What the exercise asks: Every line from the one with "Elegant blus med V-ringning och lyktärm" to the end of the listing below must be printed exactly, with no other text and no pictures.

Provided data:

= = = =

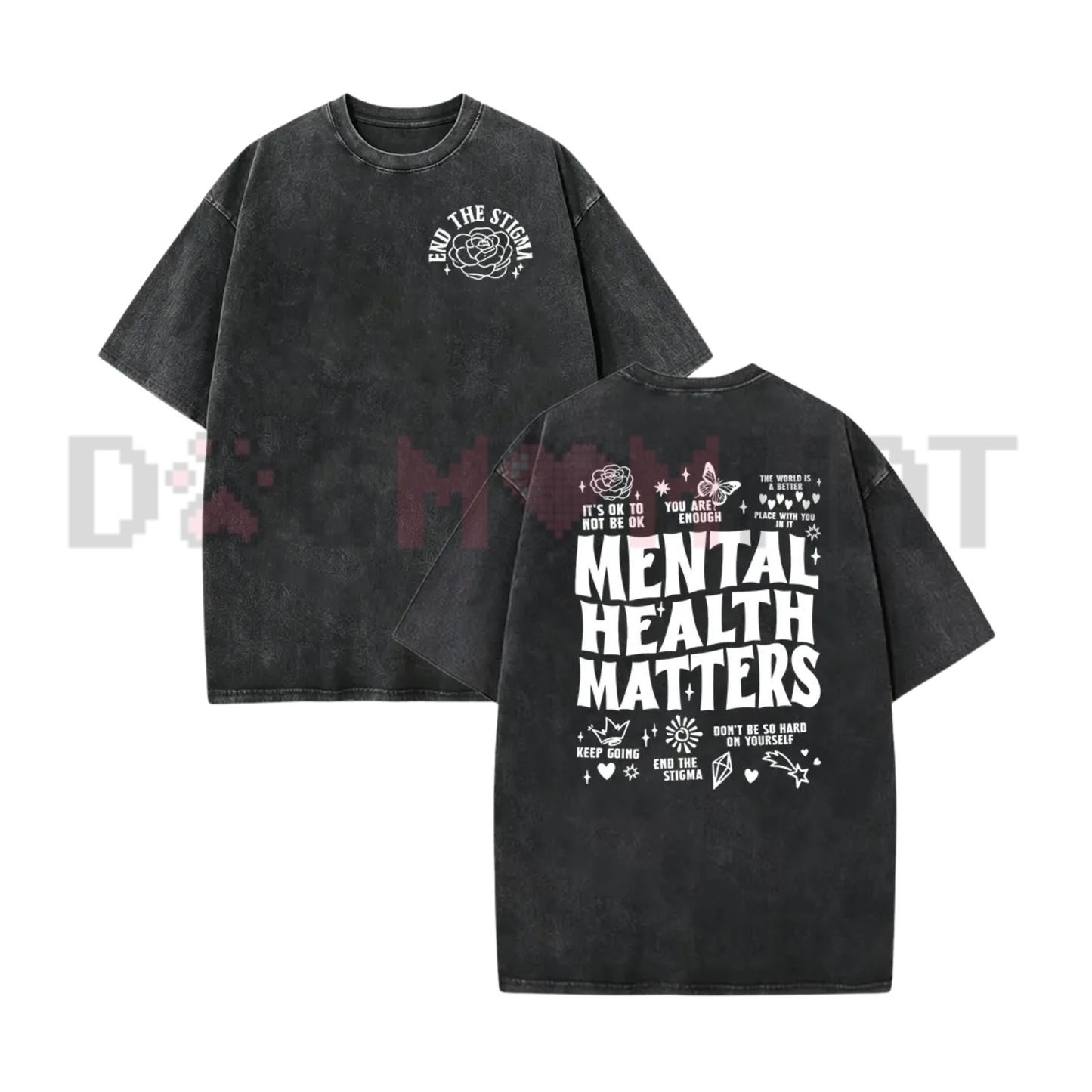 Mindful Words Double-Sided Positive Affirmation Tee - Mental Health Matters Unisex Cotton Graphic Shirt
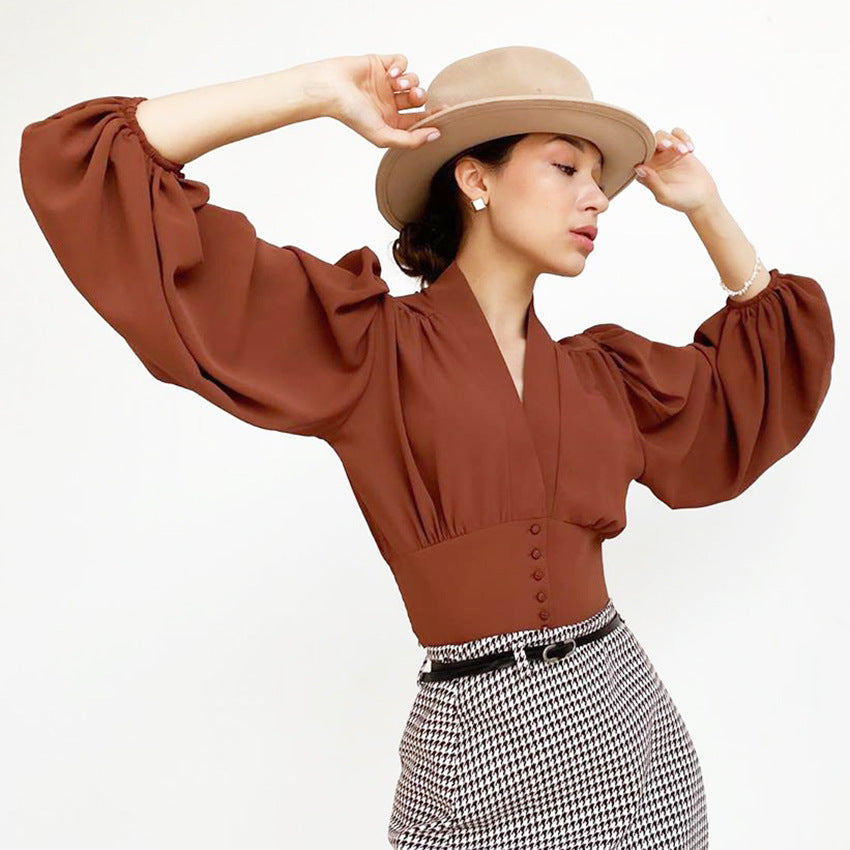 Elegant blus med V-ringning och lyktärm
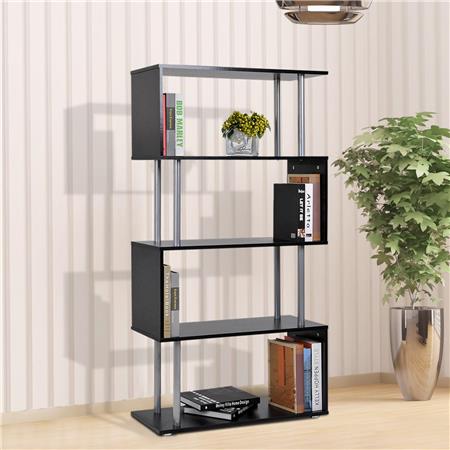 Libreria AMELIA, Moderna e Pratica, 80x30x145cm, Ferro e Legno, Colore Nero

= = = =

Your response:
 Elegant blus med V-ringning och lyktärm
 Libreria AMELIA, Moderna e Pratica, 80x30x145cm, Ferro e Legno, Colore Nero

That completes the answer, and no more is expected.